Check out the volume and price run up 30 minutes before the close. Lots of lucky guesses??????
From Alcoa earnings release. What most stuck out for me:
"Revenues for the first nine months of 2009 were $13.0 billion, compared to $21.2billion in the first nine months of 2008. Income from continuing operations for the first nine months of 2009 showed a loss of $719 million, or $0.78 per share,
compared with income of $1.2 billion, or $1.40 per share, in the first nine months of 2008. The nine months of 2009 showed a net loss of $874 million, or $0.95 per share, compared to net income of $1.1 billion, or $1.35 per share, in the first nine months of 2008. "
In other words...YOY it was a train wreck. The stock should soar now.
"Less Worse" has been supplanted by "Surprisingly
Leading to our new term: Suprisingly not as worser.
In case anyone is interested
What was truly awful with Alcoa numbers was volume shipped, which was down nearly 5 % compared to Q2. The only reason bottom lined improved quarter on quarter were higher prices and cost cutting.
Moreover, the reduction in volume of aluminum shipped is also an indicator that the GDP may not have improved as much in Q3 as economists expect.
Not the only reasons: You forgot their -22.4% effective tax rate in Q3.

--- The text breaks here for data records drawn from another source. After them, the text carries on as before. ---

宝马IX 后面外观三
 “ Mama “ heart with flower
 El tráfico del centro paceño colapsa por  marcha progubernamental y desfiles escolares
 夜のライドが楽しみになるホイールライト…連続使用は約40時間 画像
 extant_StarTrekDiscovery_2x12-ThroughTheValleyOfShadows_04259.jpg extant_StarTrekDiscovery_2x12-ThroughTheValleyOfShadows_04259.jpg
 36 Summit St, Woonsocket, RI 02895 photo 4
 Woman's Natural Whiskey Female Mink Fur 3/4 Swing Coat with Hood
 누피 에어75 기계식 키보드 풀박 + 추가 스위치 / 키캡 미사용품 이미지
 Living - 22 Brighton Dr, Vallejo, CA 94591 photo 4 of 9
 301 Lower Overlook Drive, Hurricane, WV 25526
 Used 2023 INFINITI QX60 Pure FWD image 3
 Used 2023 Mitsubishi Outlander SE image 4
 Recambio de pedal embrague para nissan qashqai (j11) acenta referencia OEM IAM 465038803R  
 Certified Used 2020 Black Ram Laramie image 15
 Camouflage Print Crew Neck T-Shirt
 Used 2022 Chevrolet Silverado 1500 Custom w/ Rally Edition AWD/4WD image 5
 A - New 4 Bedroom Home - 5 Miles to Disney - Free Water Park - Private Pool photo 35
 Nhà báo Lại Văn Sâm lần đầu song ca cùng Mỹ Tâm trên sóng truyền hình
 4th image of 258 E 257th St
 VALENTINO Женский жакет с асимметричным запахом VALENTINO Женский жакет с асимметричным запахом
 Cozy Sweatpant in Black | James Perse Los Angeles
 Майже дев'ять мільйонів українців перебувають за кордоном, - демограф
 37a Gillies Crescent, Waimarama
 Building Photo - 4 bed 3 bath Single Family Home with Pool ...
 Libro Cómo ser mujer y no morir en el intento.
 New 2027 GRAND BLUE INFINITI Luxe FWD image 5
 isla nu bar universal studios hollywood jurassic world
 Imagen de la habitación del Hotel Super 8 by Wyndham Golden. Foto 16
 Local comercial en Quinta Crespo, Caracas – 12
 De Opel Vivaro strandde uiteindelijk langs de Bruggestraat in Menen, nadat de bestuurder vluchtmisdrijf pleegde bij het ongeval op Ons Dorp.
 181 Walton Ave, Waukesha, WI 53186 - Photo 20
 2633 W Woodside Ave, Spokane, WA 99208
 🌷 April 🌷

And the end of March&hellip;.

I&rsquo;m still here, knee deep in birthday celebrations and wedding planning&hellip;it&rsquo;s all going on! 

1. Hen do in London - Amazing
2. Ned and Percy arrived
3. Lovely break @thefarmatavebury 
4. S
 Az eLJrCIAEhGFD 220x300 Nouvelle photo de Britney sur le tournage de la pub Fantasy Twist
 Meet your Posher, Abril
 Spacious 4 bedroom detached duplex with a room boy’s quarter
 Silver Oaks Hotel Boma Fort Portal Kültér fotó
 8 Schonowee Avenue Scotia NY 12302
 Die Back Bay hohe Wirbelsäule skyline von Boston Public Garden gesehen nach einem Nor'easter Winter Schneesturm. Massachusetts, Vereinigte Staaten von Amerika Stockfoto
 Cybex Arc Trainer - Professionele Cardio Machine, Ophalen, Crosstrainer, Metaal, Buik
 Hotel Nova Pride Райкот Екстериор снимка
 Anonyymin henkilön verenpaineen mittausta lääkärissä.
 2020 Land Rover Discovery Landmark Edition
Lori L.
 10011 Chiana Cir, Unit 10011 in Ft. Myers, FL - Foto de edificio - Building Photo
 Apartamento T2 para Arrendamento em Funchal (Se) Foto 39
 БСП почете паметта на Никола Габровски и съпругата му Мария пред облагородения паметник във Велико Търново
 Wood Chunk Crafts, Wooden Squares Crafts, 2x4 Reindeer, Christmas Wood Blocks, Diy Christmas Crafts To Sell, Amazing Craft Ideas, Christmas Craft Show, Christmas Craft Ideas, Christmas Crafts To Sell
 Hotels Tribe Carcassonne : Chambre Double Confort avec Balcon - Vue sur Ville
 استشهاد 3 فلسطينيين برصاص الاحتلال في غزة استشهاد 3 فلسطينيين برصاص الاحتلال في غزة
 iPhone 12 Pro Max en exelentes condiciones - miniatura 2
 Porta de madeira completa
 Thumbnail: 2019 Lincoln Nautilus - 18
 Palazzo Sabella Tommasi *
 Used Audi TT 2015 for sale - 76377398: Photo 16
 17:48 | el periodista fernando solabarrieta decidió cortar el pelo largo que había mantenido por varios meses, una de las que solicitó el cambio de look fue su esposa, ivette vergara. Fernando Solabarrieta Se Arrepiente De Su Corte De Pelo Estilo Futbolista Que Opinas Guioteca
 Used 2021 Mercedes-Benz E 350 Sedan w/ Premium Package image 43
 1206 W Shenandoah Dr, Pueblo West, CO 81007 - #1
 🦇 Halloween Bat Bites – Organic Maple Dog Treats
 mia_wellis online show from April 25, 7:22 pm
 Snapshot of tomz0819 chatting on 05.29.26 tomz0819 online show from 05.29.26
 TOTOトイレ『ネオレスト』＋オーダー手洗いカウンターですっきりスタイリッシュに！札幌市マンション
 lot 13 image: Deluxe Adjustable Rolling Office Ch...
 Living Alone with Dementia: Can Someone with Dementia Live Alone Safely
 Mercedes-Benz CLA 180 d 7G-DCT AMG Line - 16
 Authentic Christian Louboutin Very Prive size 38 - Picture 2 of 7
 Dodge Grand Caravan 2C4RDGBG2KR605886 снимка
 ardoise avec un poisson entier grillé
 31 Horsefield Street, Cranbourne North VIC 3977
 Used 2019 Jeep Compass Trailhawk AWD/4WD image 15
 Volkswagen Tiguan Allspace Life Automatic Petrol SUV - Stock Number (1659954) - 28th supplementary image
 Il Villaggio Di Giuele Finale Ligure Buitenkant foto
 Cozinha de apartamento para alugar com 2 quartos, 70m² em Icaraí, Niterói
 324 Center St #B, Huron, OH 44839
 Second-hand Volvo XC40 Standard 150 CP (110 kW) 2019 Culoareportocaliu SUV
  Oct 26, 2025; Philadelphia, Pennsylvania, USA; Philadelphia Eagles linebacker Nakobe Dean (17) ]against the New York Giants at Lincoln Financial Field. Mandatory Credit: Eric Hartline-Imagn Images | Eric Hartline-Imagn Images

Nobody cares why. I am officially converted. Tomorrow I will buy every piece of *hit stock I can find and never think about it again. They all say it. The market will not go down, not ever too many managers chasing performance. Y-o-Y be damned it's time to go all in...
Finally, a captcha question that didn't require a calculator
So they are close to losing money with every trade, but their trade volume is falling?
what a bargain!
Staggering vols pre announcement but I presume ZH you are investigating that with extreme fine tooth comb unlike other public bodies that sit on the fence for years
Keep up the good work... we NEED you!
I have been sitting on quite a bit of aluminum for well over a year now.
I was a bit upset of the actions from China last year when Aluminum prices started sky rocketing.
China ramped up new production to get in on the profits,which had drove down aluminum prices for months.
Though they are starting to recover due to the vast majority of aluminum stocks right now are being stored by investor's and aren't committed to buyer's at this point.
It's sort of a sock it back atcha deal towards China.
Letem produce new aluminum at a higher energy cost(than for recycled aluminum) China started making huge production decreases because of expenses,now prices are recovering though demand may still be down from high end industries such as cars it will come back around.
Aluminum usually spikes a few times in a decade,it's hit once in a really good way,so maybe China learned something last time around.
Jacking up production isn't the smartest thing in the world,stability is.
When it went down to late 80's and mid 90's prices in the latter millenium it's very sad.
All I know is that I'm willing to simply keep sitting on it until fair prices are reached.